The Data Team knew that some other organizations attempted to solve data quality with alerting systems focused on anomaly detection in production, but this was antithetical to Dutchie’s philosophy. With proactive approaches as a norm across the organization, setting up an alert on a SQL threshold was seen as an anti-pattern. By the time you catch something with an alert, the Dutchie team considered it too late. The Data Team wanted a solution that detected data quality issues before they affected production to gain full confidence in what they were shipping to the data users.
The Data Team was primarily interested in the Data Diff product from Datafold and it was the only solution on the market that met Dutchie’s data quality requirements.
Dutchie first implemented Datafold using its turnkey integration with dbt Cloud and then, after migrating to a self-hosted dbt installation, the team leveraged Datafold's Python SDK to implement regression testing in the internal CI/CD pipeline.
Today, Datafold serves as a gatekeeper to every change made to the growing dbt/SQL repository: every time a team member opens a pull request, Datafold produces a detailed impact analysis report showing how the code change affects the produced data in the current model and in its downstream dependencies.
This helps the Dutchie Data Team identify three core issues that would otherwise be undetected:
- Schema and type changes. While dbt can occasionally catch these, Datafold's Data Diff quickly shows the team if any data types change. For example, a created_at field might not include a time zone, but a code update could include a time zone in the field. This error could cause inaccuracies in reporting on timed promotions, revenue allocation, and even incorrect tax collection or charges.
- High-level statistical changes. Sometimes updates to a case when statement look correct stylistically, but changes to the business logic can impact the data. It’s incredibly difficult to detect the effect of these changes without hours of manual testing. Statistical changes shown in Data Diff make it immediately apparent if you see that 20% of your data has moved from one field to another as a result of your proposed change.
- Primary key comparison. The team may not always test every model for primary key uniqueness. This out-of-the-box section of the Data Diff will warn you that the changes you’re making to a model will cause keys to be duplicated, sending you back to check your work before pushing it to production.
For example, an analyst was making changes to business logic in the case when statements to put customers into tiers. They were supposed to create a new tier that would replace an old tier, but the implementation was wrong - the new tier had no one in it and the old tier still existed. All the tests passed, but Datafold caught it.
This was the last chance to catch the issue before a stakeholder would have seen it in their Looker dashboard potentially days or even weeks later. Data Diff prevented the team from looking bad and the data consumers from losing confidence in the data quality with nuanced issues that would have been apparent to their stakeholders.

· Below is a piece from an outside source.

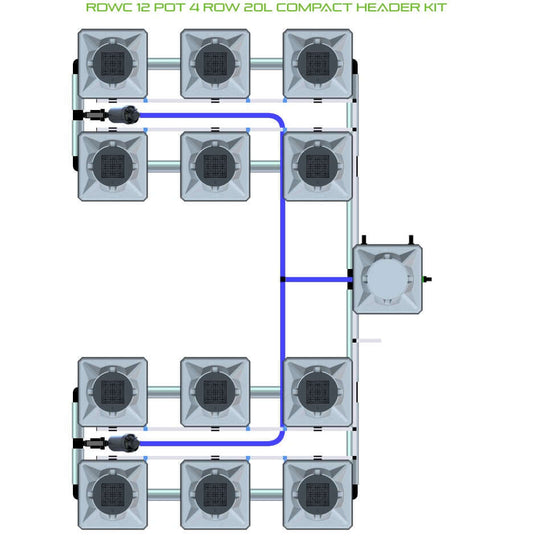 ALIEN Hydroponics RDWC 12 Pot 4 Row 20L Compact Header Kit product image 1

While Data Diff has been helpful in ensuring the quality of the changes made to the code, the Data Team has also found a lot of value in the overall increase in the data observability that the Datafold platform brought, including Catalog and column-level lineage. These provide immediate understanding of the underlying data without digging through SQL to see where data is coming from and what it represents.
- Zero data incidents. Since implementing Datafold in their pipeline, there have been zero production breakages or outages.

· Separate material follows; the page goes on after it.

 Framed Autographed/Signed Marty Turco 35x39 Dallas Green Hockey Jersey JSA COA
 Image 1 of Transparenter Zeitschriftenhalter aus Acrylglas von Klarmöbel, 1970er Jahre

- Saved 100+ hours with streamlined regression testing. Before, thoroughness of the testing varied, if changes were tested at all. While small changes might have gone into production without manual checks, regression testing for fundamental changes to core business logic could take a week. With Datafold, it doesn’t matter the scale of the change - you don’t need to parse through the analysis, it will just let you know which Diff is weird and should be checked.
- Improved data democratization and team productivity. As Datafold is being rolled out across the distributed team at Dutchie, stakeholders can now answer their own questions about what data means and where it comes from using data catalog and column-level lineage. With the team 90% distributed, stakeholders often have questions throughout the day and night. Data catalog and lineage allow them to find something themselves without asking the data team for support or digging through SQL code.

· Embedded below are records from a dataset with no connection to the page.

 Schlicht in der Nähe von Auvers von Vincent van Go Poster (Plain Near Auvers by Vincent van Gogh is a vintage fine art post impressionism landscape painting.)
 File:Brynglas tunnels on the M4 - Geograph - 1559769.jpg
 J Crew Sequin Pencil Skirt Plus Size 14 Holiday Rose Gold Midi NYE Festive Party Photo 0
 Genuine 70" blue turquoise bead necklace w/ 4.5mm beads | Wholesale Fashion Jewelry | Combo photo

- Data confidence as the team grows. The Dutchie team is preparing to grow at a rapid pace, with Datafold becoming exponentially more important as the team gets bigger. If a team of 30+ data analysts starts submitting 10+ dbt PRs per day, that’s too much to review and maintain a high level of quality in production without Datafold.
While Datafold is still young and the tool is in its early stage, the foundation of the business is super sound. The core platform is so valuable. Datafold is solving a problem that no one else is trying to solve.